One of the most intriguing Machine Learning problems that I have come across was during my 3rd year in the college where a startup named Quantta Analytics presented us with the problem statement about a power distribution company which had observed a significant loss of revenue over a period of time. The loss in revenue was mainly becuase of possible power theft by malicious consumers. The power company resorted to periodic vigilance of customers by sampling and creating a database of only the fraudulent customers to curb this practice. The company wanted the vigilance process to be more robust and effective. Hence, the objective of the problem statement was to deploy a machine learning algorithm to provide a list of customers who are likely to commit fraud.

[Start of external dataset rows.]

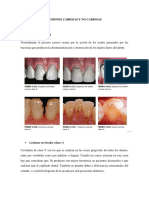 Lesiones Cariosas y No Cariosas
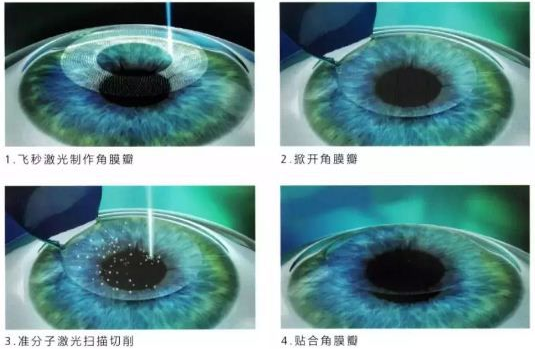 2020年首次施行“一年两征”,将义务兵征集由一年一*次征兵一*次退役,调整为一年两次征兵两次退役。实行一年两次征兵两次退役后,征兵时间区分为上半年和下半年两次2.png 2020年首次施行“一年两征”,将义务兵征集由一年一*次征兵一*次退役,调整为一年两次征兵两次退役。实行一年两次征兵两次退役后,征兵时间区分为上半年和下半年两次2.png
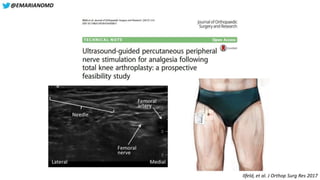 Lessons Learned from the U.S. Opioid Epidemic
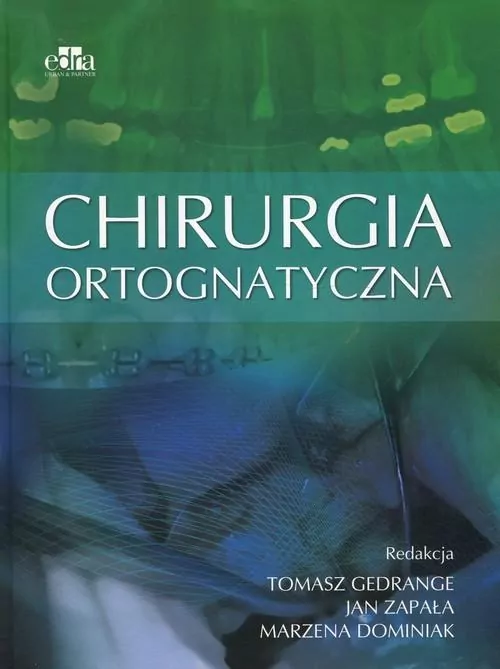 Chirurgia ortognatyczna - tantis.pl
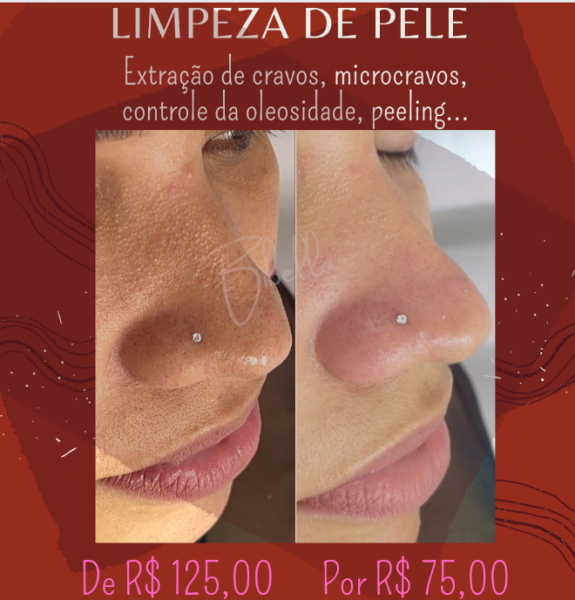 Limpeza de pele profunda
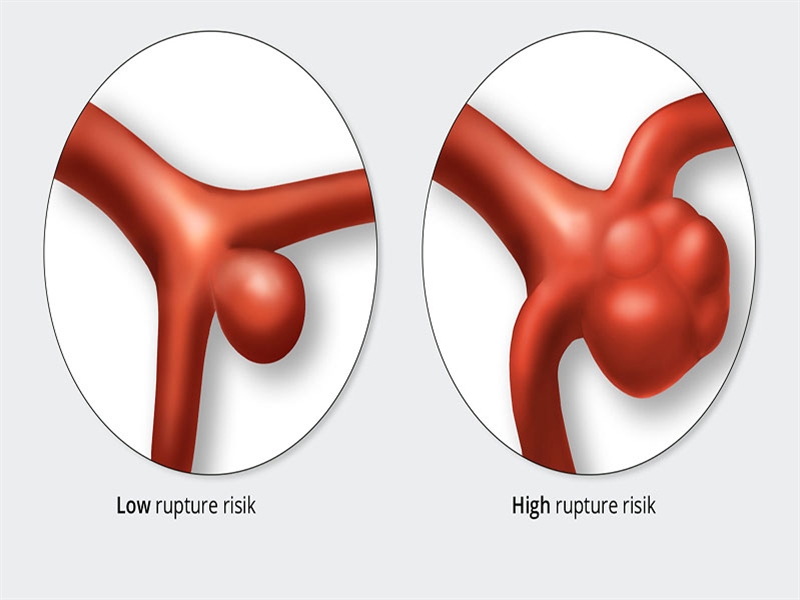 هر آنچه که باید در مورد آنوریسم مغزی بدانید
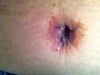 Belly button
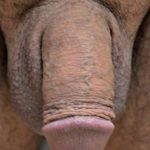Permanent Penis Enlargement Before & After Patient #1440
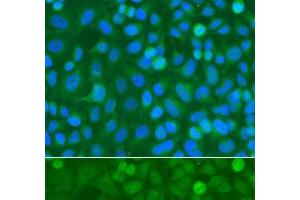 Immunofluorescence analysis of A549 cells using NCK1 Polyclonal Antibody (NCK1 抗体)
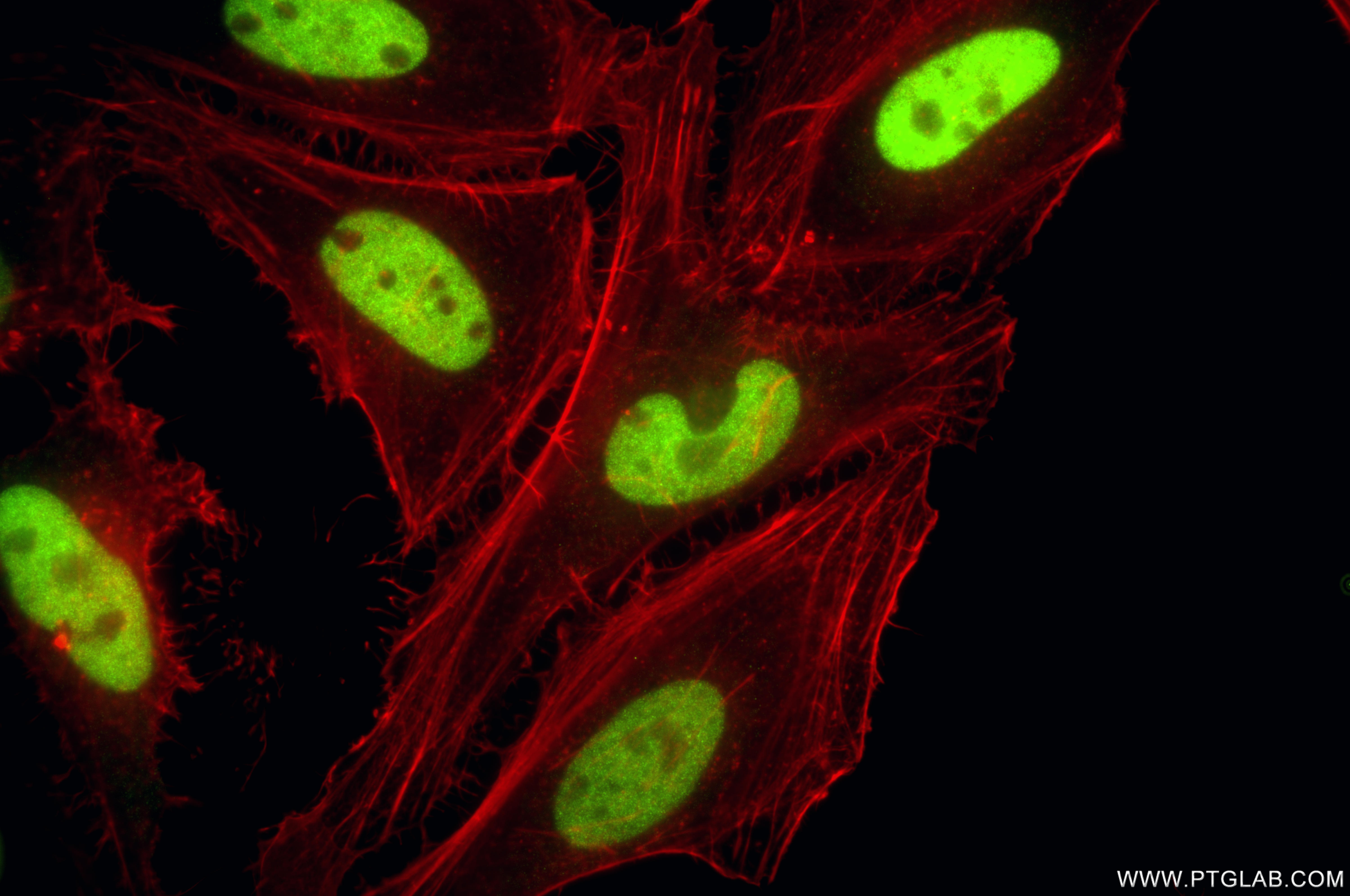 IF Staining of HeLa using 81667-5-RR (same clone as 81667-5-PBS) IF Staining of HeLa using 81667-5-RR (same clone as 81667-5-PBS)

So the problem was effectively a classification problem (with a catch!) where given the attributes of a customer, we had to predict where it is likely to commit the electricity theft or not.
In order to appreciate the problem statement, let us first have the review of the well-known famous classification algorithms. Classification problems try to solve the two or multi-class situation. The goal is to distinguish test data between a number of classes, using training data which has samples from all the possible classes and training data has reasonable level of balance between the various classes. Now the question that arise is - At what levels of imbalance does the use of traditional classifiers becomes futile?
This paper has made observation by conducting experiments on various datasets from the UCI repository, and monitoring the performance of the traditional classifiers. I am listing down the most important observations stated in the paper:
The performance of the traditional classifiers start to decline when the imbalance between output classes increase and the decline becomes prominent at the ratio 1:2.8.
At the ratio 1:10, the performance is so poor for traditional classifiers that it can no longer be trusted.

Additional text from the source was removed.